╭─ The data

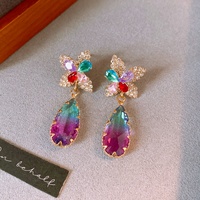 Anting-anting tusuk wanita mewah elegan nan indah, berbahan manik-manik kaca kupu-kupu warna-warni, zircon, bunga, dan tetesan air, berlapis perak.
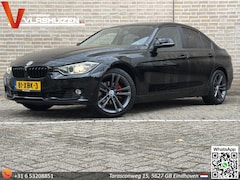 BMW 3-serie - 320i High Executive | Climate | Cruise | Navi | PDC | APK 06-2027 |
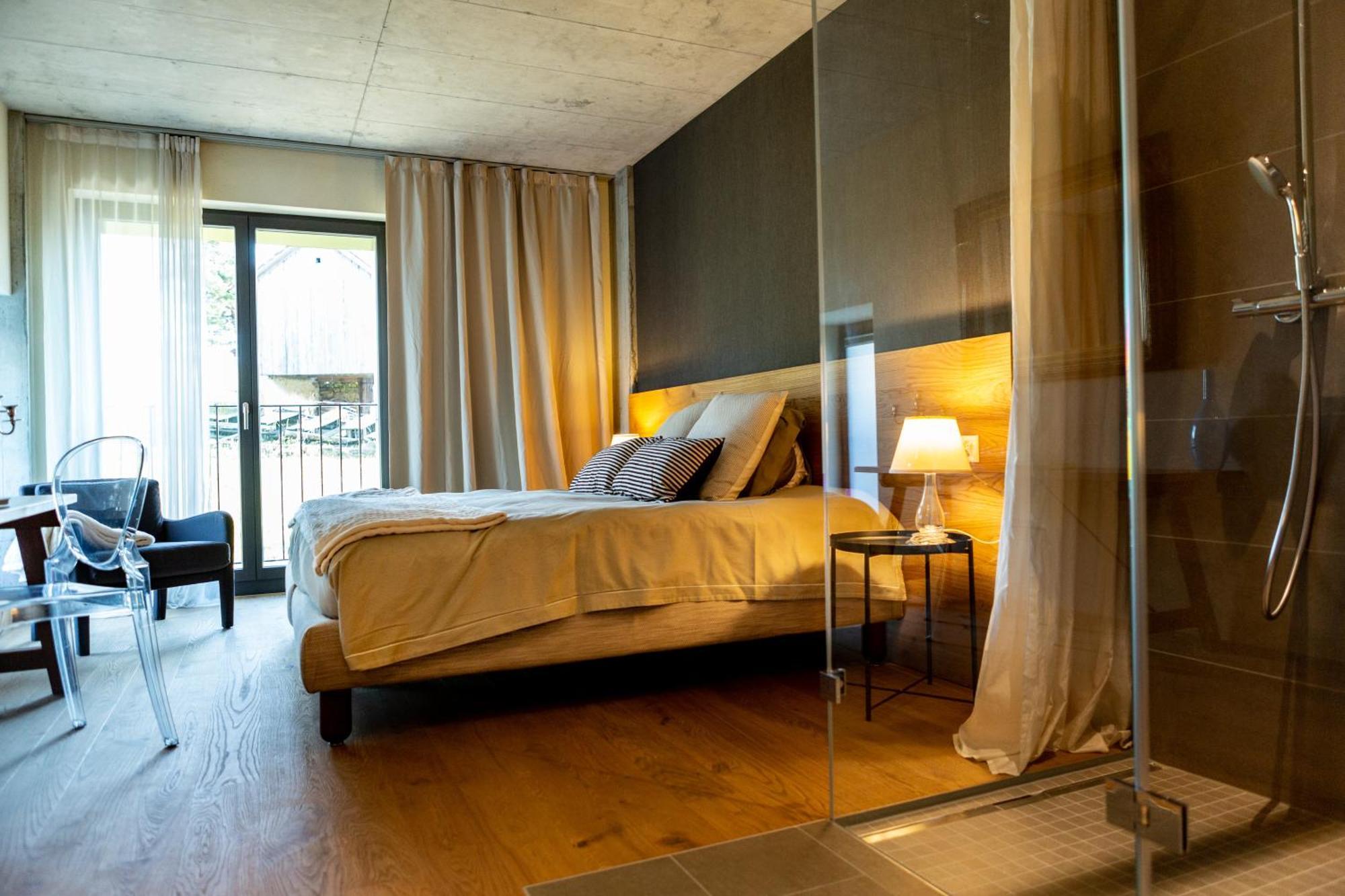 Hotel De L'Ours Preles Exterior photo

╰─

* _Try it_
Would you copy the lines from the one holding "BMW 3-serie - 320i" down to the last line of the material, both included, exactly and with nothing added, skipping the pictures?

* _Reply_
 BMW 3-serie - 320i High Executive | Climate | Cruise | Navi | PDC | APK 06-2027 |
 Hotel De L'Ours Preles Exterior photo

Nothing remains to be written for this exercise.